» ACTION ITEM
Check each line of the material that follows, and copy those holding the string "Road".

» ENTRIES PROVIDED

'''

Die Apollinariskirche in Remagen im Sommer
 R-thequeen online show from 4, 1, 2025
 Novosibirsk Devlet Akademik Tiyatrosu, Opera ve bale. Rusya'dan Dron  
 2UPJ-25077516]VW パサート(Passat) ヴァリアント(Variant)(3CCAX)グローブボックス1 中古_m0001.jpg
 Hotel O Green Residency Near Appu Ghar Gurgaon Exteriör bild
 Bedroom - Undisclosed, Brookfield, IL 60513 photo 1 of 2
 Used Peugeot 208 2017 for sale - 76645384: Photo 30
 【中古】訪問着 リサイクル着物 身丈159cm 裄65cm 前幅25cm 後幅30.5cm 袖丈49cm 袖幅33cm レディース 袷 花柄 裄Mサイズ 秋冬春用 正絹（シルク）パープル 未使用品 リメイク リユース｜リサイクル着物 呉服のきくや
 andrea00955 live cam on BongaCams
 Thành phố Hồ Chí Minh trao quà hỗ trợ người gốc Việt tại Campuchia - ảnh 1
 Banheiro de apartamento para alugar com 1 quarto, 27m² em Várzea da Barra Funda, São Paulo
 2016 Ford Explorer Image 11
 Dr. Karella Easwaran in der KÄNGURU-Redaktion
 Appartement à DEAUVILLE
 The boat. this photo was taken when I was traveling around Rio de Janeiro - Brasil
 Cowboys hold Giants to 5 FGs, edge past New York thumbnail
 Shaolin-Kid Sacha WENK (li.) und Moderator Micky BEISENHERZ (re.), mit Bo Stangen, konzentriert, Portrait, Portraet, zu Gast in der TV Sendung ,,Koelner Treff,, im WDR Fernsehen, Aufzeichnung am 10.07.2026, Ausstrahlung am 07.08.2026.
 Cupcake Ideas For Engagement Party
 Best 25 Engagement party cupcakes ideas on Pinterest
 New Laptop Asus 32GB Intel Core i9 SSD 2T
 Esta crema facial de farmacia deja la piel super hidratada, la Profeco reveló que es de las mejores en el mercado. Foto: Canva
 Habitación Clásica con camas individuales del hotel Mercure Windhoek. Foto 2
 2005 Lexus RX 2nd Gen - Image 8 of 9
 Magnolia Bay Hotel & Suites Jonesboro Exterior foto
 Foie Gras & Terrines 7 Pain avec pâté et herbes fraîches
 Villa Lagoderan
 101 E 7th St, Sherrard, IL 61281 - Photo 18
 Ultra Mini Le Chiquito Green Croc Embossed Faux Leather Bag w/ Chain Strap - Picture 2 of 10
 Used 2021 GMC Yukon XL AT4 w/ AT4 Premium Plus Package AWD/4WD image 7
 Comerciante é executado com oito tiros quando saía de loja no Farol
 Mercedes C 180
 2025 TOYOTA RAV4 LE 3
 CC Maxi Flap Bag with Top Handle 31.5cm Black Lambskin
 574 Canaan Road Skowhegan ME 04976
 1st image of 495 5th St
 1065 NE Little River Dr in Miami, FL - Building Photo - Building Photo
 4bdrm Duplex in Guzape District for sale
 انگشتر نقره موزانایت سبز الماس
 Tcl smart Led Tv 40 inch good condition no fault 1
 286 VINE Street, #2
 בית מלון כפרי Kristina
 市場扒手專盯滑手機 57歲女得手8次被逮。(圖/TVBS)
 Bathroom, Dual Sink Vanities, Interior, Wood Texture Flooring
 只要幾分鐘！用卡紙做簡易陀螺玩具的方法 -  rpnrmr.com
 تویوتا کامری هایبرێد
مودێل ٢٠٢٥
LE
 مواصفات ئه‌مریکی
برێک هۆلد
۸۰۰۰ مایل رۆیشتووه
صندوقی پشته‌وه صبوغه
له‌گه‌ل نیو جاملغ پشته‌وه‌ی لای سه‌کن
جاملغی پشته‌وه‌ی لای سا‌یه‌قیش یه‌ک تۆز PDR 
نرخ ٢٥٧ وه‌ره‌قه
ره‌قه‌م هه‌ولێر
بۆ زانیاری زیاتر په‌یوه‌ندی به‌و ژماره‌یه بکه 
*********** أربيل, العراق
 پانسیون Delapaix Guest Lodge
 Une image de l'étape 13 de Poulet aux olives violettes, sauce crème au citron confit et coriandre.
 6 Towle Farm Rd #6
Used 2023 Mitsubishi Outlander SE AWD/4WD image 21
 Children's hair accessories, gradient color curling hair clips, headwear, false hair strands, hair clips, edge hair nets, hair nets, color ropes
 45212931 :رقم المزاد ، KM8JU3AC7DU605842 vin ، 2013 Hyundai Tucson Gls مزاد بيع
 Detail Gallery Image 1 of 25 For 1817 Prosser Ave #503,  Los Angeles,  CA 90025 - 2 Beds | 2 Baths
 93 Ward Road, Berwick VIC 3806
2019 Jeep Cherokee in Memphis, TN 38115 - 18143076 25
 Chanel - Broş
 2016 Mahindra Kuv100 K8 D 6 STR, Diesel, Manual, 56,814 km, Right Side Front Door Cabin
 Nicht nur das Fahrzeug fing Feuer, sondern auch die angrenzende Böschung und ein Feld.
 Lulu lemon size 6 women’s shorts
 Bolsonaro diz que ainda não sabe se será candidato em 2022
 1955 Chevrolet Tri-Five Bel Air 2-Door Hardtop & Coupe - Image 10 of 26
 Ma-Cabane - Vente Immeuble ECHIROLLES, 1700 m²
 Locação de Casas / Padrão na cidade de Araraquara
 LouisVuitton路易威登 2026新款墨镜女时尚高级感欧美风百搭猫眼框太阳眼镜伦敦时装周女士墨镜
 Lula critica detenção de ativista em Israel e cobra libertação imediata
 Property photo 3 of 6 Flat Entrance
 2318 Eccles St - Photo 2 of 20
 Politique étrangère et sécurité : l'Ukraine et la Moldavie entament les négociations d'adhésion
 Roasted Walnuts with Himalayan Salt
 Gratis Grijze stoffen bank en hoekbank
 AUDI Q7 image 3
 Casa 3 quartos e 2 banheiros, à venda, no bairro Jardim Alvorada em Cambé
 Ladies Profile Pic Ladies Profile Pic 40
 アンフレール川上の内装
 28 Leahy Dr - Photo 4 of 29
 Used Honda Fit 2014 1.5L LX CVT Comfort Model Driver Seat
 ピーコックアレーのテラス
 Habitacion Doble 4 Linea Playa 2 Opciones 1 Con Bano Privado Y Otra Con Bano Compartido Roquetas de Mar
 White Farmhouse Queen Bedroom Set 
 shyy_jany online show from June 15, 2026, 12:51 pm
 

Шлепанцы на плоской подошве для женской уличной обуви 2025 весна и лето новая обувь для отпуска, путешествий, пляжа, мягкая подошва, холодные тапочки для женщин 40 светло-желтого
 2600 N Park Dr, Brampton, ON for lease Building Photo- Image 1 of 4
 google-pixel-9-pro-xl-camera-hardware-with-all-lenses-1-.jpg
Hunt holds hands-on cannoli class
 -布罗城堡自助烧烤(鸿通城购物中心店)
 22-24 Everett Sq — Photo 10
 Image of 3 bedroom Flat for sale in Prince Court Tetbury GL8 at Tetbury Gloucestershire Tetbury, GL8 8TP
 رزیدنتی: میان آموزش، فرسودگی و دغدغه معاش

'''

» TASK ANSWER
 574 Canaan Road Skowhegan ME 04976
 93 Ward Road, Berwick VIC 3806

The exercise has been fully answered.